Но случилось так, что первыми людьми,

проходившими утром следующего дня мимо церковного портала,

оказались

упитанный господин в черных лаковых штиблетах с гамашами

и зимнем пальто с меховым воротником

и с сияющей лысиной, не прикрытой, как ни странно,

на лютом морозе никакой шляпой,

и его восемнадцатилетняя дочь —

милое, кроткое, белокурое создание.

они задержались на мгновение перед окоченевшим трупом соловья

нахтигаля,

протягивавшего к ним с улыбкой руки,

наморщили лбы,

и, хотя все соседи без устали рассказывали про них,

как они всегда готовы помочь другим и как жертвуют собой,

они поспешно продолжили свой путь дальше.

Да, мне явно недоставало истинного авторитета. Трудности восстановления хозяйства в послевоенное время, требовавшие от поколения отцов полной отдачи сил, привели к тому, что подрастающие юнцы были предоставлены самим себе. Мы беспомощно озирались, потеряв ориентиры, а все, что происходило в обществе вокруг нас, внушало нам отвращение.

Первая издательница, встретившаяся мне на моем жизненном пути, была тощей, немного истеричной женщиной — я познакомился с ней за столиком в ресторанчике, завсегдатаями которого были мои родители. У фрау Ирены Зецкорн-Шайфхакен было небольшое издательство, в котором она продуцировала плохо изданную научно-педагогическую литературу, делая это исключительно ради собственного времяпрепровождения, поскольку у ее терпеливого и добродушного мужа была хорошо отлаженная фабрика. Фрау Зецкорн-Шайфхакен жеманно изображала из себя интеллектуальную даму в этом седовласом кругу, и я бы наверняка давно уже позабыл ее, если бы не проявленная чрезмерная доброта ко мне, многообещающему молодому человеку, которого она пригласила на один из своих воскресных литературных утренников на виллу супруга-фабриканта, где скучный профессор педагогики прочел доклад на тему «Авторитет — спасение для незащищенного сознания».

В моей памяти не осталось ничего, кроме самого названия доклада, но именно оно и стало для меня программным. Подлинный авторитет убеждает своими знаниями, достоверностью сказанного и проявлением себя как личности. Своей уверенностью он внушает чувство надежности, создает вокруг себя безопасное пространство посреди царящего хаоса и дезориентации. Мне захотелось стать таким авторитетом, олицетворяющим собой спасение!

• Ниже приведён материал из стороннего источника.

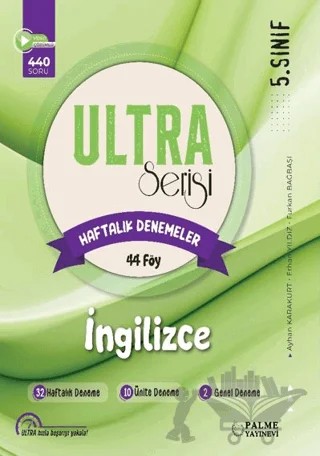 5. Sınıf Ultra İngilizce Haftalık Denemeler 44 Föy – Ayhan Karakurt, Erhan Yıldız, Furkan Bağbaşı – Palme Yayınları kitap kapağı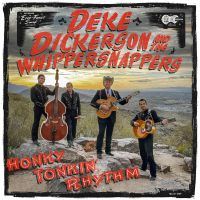 Deke Dickerson And The Whippersnappers - Honky Tonkin’ Rhythm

Но серые будни этого городка не могли предложить подростку, отягощенному к тому же еще проблемами полового созревания, никаких идеалов для подражания или хотя бы наставить его на путь достижения заветной цели. Пустота и скука были лейтмотивами этой жизни, не авторитеты, а авторитарные требования со стороны семьи, учителей, взрослых давили на неокрепшее сознание подростков. И я, во всяком случае, реагировал на это самым неподходящим образом — замыкался, грубил и убегал из дома.

Сначала это происходило инстинктивно, эмоционально и неосознанно. Я не признавал больше учителей, не принимал «промывания мозгов» со стороны священника, вообще вел себя ужасно. Забросил учебу, вызывающе держался по отношению к любому так называемому достойному уважения человеку. Из первой школы меня выгнали за то, что на уроке истории при восклицании учителя «И это падение стало историческим фактом!» я подбил весь класс попадать со стульев. Вторую школу мне пришлось покинуть, потому что в контрольной по физике на тему баллистики я написал к вопросу о метании коротенький рассказик про песика и его маленькую собачку-подружку, где «физическая» проблема логично разрешилась «помётом». Официальное обоснование для исключения меня из школы гласило: «сексуальное извращение».

Я «вылетел за дверь», чувствовал себя потерянным и страдал от гнетущего ощущения, что «все же надо кем-то стать». Я беспомощно плыл во времени, бесцельно проводя дни, словно Нахтигаль — вымышленный мною художественный образ, с которым меня внутренне многое связывало. Но оказавшись за городом, я облегченно вздыхал, поднимал большой палец и уезжал «автостопом» куда подальше, и вся агрессивность моментально выветривалась из меня — я наслаждался свободой. Но приходилось возвращаться, и тогда бешенство переходило в депрессию и отчаяние и оборачивалось ненавистью к самому себе.

В перерывах между побегами из города, то есть главным образом зимой, я ходил в вечернюю школу, при этом давно уже не жил дома, а снимал маленькую чердачную каморку над крышами Мюльхайма и зарабатывал себе на жизнь тем, что разносил письма, нанимался разнорабочим на металлургический завод или стройку.

В поисках жизненных идеалов и умения ориентироваться я начал читать. Но обращался с литературой точно так же, как и со своей молодой жизнью, когда без конца пускался в бега и бродяжничал. Прицельного чтения не получалось, я пустил все на самотек. С головой погружаясь в книги, читал и «проживал» их, пока не добирался до конца. А закончив читать и закрыв книгу, обнаруживал, что не только я странствовал по ее страницам, но и сама рассказанная история прошла через меня и немного меня изменила.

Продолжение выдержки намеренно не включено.